→ PROBLEM TO WORK ON
From the line containing "全自動地下采礦運輸系統(tǒng)" through the last line of the records, print every line exactly and nothing more.

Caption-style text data
--
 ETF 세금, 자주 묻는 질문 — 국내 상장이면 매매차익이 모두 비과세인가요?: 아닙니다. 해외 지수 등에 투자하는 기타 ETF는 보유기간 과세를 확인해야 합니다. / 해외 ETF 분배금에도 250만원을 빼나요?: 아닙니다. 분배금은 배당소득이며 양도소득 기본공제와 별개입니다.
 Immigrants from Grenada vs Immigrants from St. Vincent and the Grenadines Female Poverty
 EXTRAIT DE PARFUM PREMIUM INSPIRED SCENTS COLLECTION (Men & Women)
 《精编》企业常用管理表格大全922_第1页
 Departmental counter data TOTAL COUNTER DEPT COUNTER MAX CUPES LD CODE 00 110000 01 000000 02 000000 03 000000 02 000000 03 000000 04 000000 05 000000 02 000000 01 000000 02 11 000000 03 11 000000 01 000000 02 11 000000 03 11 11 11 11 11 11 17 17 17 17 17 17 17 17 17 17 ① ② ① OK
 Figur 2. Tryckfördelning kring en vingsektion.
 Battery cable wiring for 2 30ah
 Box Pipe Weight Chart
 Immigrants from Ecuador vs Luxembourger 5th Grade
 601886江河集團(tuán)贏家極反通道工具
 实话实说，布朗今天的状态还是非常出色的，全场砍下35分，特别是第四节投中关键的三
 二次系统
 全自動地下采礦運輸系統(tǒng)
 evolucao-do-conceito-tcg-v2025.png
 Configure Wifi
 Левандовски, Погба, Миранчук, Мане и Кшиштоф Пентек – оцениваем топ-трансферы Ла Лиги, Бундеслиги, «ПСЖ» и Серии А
--
→ RESPONSE TO THE EXERCISE
 全自動地下采礦運輸系統(tǒng)
 evolucao-do-conceito-tcg-v2025.png
 Configure Wifi
 Левандовски, Погба, Миранчук, Мане и Кшиштоф Пентек – оцениваем топ-трансферы Ла Лиги, Бундеслиги, «ПСЖ» и Серии А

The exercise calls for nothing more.